> Exercise goal: For the listing below, count the lines that contain "Panel" and report only the number.

> Exercise material:

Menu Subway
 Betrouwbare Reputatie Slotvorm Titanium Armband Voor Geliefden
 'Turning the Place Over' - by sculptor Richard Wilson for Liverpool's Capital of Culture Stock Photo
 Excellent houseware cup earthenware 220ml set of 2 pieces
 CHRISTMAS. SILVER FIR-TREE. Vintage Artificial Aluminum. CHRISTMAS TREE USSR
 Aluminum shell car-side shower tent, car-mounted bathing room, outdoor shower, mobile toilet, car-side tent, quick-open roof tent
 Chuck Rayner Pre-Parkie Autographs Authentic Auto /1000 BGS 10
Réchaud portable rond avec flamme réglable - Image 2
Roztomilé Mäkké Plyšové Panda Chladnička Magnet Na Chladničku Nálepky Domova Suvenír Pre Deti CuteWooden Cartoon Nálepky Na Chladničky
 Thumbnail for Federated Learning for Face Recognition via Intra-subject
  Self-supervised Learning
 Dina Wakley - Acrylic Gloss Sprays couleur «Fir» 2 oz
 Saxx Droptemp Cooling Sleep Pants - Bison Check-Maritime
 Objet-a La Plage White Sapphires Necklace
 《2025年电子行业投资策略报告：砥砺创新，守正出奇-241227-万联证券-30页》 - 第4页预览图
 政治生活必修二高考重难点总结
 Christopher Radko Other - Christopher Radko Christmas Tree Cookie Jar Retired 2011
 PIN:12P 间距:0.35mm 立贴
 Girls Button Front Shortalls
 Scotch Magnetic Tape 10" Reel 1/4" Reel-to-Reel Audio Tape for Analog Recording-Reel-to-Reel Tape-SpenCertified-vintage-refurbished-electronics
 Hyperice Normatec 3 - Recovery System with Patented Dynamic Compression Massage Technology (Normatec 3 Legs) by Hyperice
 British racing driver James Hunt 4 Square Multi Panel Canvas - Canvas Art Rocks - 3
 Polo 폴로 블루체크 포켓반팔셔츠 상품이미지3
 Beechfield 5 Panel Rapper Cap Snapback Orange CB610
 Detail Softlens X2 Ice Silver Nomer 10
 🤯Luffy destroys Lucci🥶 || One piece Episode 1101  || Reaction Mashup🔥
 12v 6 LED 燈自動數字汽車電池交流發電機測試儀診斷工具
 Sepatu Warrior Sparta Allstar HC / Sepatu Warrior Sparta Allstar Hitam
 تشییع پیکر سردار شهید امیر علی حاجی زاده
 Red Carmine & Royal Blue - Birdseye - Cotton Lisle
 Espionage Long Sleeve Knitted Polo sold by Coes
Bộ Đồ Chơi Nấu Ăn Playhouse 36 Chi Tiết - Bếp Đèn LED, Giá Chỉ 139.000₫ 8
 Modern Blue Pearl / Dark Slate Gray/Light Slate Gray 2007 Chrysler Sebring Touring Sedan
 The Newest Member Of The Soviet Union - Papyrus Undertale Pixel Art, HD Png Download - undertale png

> Task solution: 2